Optimisation of multi-response problems is often the end goal. The trade-off between the different responses and the high dimensionality of the input space (high number of factors) makes it challenging. The probability of success of being within specifications uses the predictive power of the underlying statistical models and quantifies the uncertainty and robustness of any given combination of factor values.
In this short course, we will guide the user through this process using our powerful yet intuitive design selection tool, new model selection algorithm and the optimization platform. This way, the best possible designs are coupled to the best possible models to analyze the precious data resulting from them.
The course is divided in two parts:
Part 1: how to choose an experimental design for screening + optimization
Part 2: how to model experimental data involving a large number of factors and how to optimize multiple responses simultaneously
After the course, there is a meet and greet with Peter Goos and Bradley Jones.
Participants are cordially invited for a drink at Leuven Centraal, Margarethaplein 3, 3000 Leuven. It is a 10 minute walk from the course venue.
Drinks start at 19h!
José Núñez Ares was a postdoctoral researcher at KU Leuven's MeBioS research group (Mechatronics, Biostatistics and Sensors), where he studied ways to set up new, cost-efficient experimental designs.
He obtained a Master in Operations Research from Erasmus University in Rotterdam and a Bachelor in Civil Engineering from the University of Coruña (Spain). He obtained his PhD at KU Leuven under the supervision of Prof Peter Goos.

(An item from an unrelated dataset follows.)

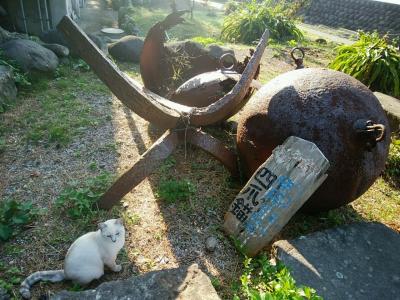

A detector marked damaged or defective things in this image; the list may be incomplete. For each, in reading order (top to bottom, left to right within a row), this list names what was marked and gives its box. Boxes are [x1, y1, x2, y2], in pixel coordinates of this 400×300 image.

rusty metal surface [238, 69, 390, 212]
rusted spherical naval mine [238, 68, 390, 213]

His research has been published in top journals and he is known in the academic community as the inventor, together with Prof Goos, of the OMARS design methodology. Besides his research, José is active in industrial consultancy and has successfully delivered integrated DoE solutions to companies in the pharmaceutical, chemical, energy and manufacturing sectors. He holds a US patent on an algorithm for experimental design selection.
José Núñez Ares is co-founder of EFFEX and assumes the role of Chief Scientific Officer.